Harking back to the halcyon days of yore is something Joel and Ethan Coen do better than just about anybody and their back catalogue is highly impressive.
O Brother Where Are Thou ?, The Man Who Wasn’t There and the underrated Barton Fink are all excellent entertainment but also classic examples of sepia-toned retrospective pictures that perfectly capture a bygone age with just the right level of meticulous accuracy.
For an old black and white movie fan like me, the release of a new film from the brothers is always eagerly anticipated, so I had high hopes for Hail Caesar, especially after being impressed by the script they wrote for last year’s superb Bridge Of Spies.
The story centres on a day (and a bit) in the life of studio “fixer” Eddie Mannix, played absolutely straight by Josh Brolin in one of his finest performances to date. A brusque, business-like guy with a “can do” attitude, Mannix is feared and admired by his colleagues – including the great and the good of the silver screen – but also coveted by aircraft manufacturer Lockheed, such is his reputation for getting things done.
His day begins and ends in the confessional as he surprisingly sweats the small stuff – lying to his wife about smoking, mostly – but it’s that same attention to detail that’s got him where he is, the minutiae of the studio consuming his every waking hour.
With several movies in production, he’s adept at plate-spinning, handling the media and massaging the egos of both the acting talent under his care and his own bosses breathing down his neck every morning at 8am sharp.
Once in a while, however, one of those plates will wobble and that’s when Mannix steps it up a gear, pulling out the stops to keep it from crashing to the floor.
And yet .. crash to the floor it does.
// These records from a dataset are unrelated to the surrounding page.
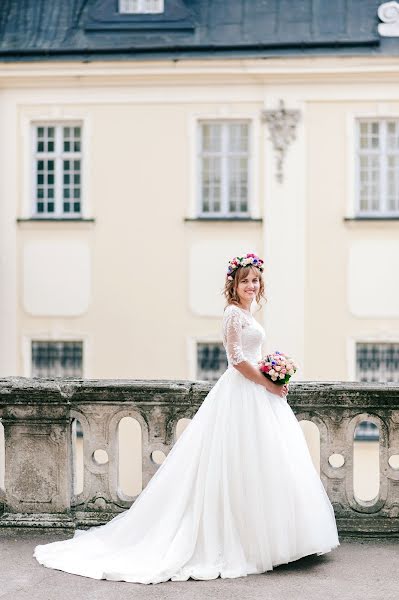 Fotógrafo de bodas Oleh Yarovka (uleh). Foto del 2 de marzo 2018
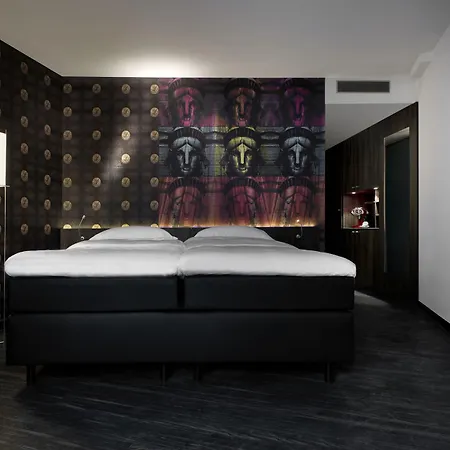 Hotel Haven Rotterdam, Curio Collection By Hilton 5*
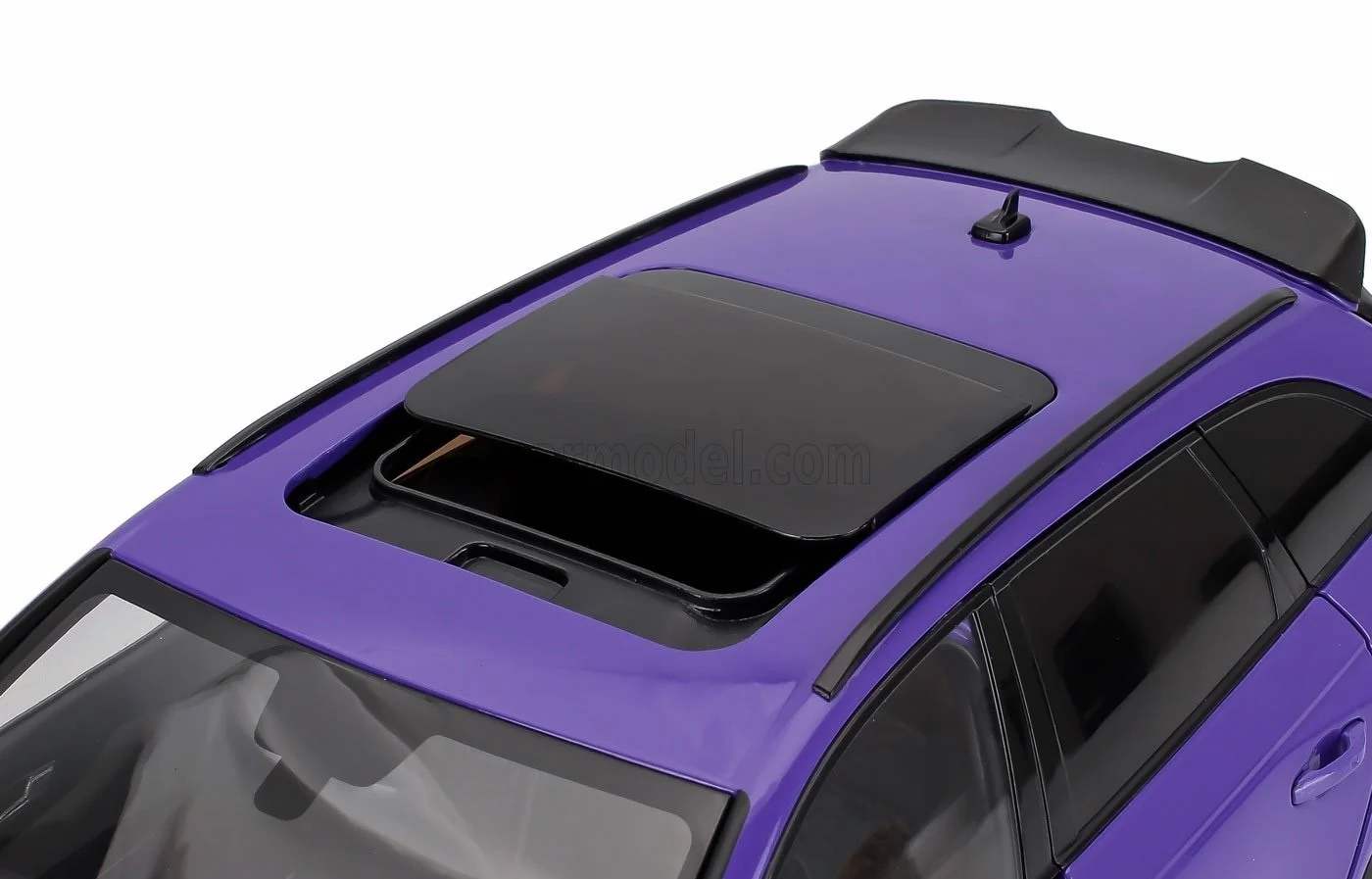 Kengfai KiloWorks 2020 Audi RS4 Avant B9 Darwin Pro Violet Purple Metallic 1:18 - Image 2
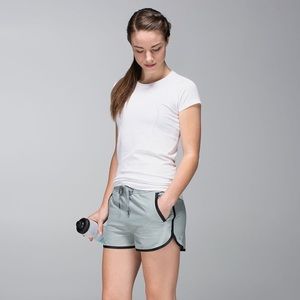 lululemon - Varsity Shorts - Earl Grey / Black - Size 6
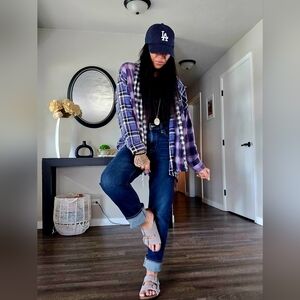 Women's Dark Blue Jeans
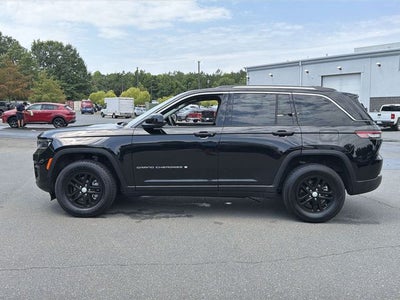 2023 Jeep Grand Cherokee Laredo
Or rather, he does .. in the form of George Clooney’s Baird Whitlock – in essence, a fifties version of himself.
Notable drunkard and womaniser Whitlock frequently finds himself not so much falling off the wagon as much as leaping from it with his arms wide open, right into the loving embrace of a bottle or a woman .. or both.
This time, however, the story is slightly different because for once the biggest star in Hollywood isn’t missing because he’s on another bender : this time, he’s been kidnapped.
Meanwhile, a starlet’s unmarried pregnancy is becoming a liability, a non-speaking cowboy singer is forced to stand in for the lead in a serious drama, the gossip columnists are smelling a rat – and a red one at that, this being the peak of McCarthyism – and there’s still the matter of the life-changing job offer from one of the biggest up-and-coming companies on the planet.
The plot doesn’t unfold, it kind of erupts in the first twenty minutes and from then on you’re in the thick of it, the studio system writ large, the threat of television just round the corner, the space race, the cold war, commies under the bed, is smoking bad for you, should we make another musical, what about the mermaid not being able to fit into her costume in another week or so ..?
As ever, the comedy is dry and constant rather than sporadic and explosive and there are lots of inside jokes and knowing references made to the golden age, though many of the characters really did exist and a lot of these things actually happened .. just not in the same way or to those people necessarily. Like most American “historical” films, we shouldn’t worry about the facts getting in the way of a good story.
But the question remains : is it a good story ?
On the face of it I’m afraid the answer is no.
In fact, the plot itself seems more like a vehicle to shoe-horn in as many of those old yarns as possible as well as being a great way to showcase some major names of today’s cinema. If you add up the actual screen time for Johansson, Fiennes, Swinton, Tatum and even Clooney himself, I would estimate it to be about twenty five minutes in total.
Hail Caesar ! is disjointed and patchy and feels more like a series of skits than a well-massaged plotline, but it’s still an entertaining watch and it will make you laugh.
If you’re a fan of the Coens you should definitely see it. Likewise if you love old movies.
If you want to see it for any one of the stars, unless it’s Brolin you may end up disappointed even though they all offer strong performances, Clooney and Tatum in particular both camping it up to great effect.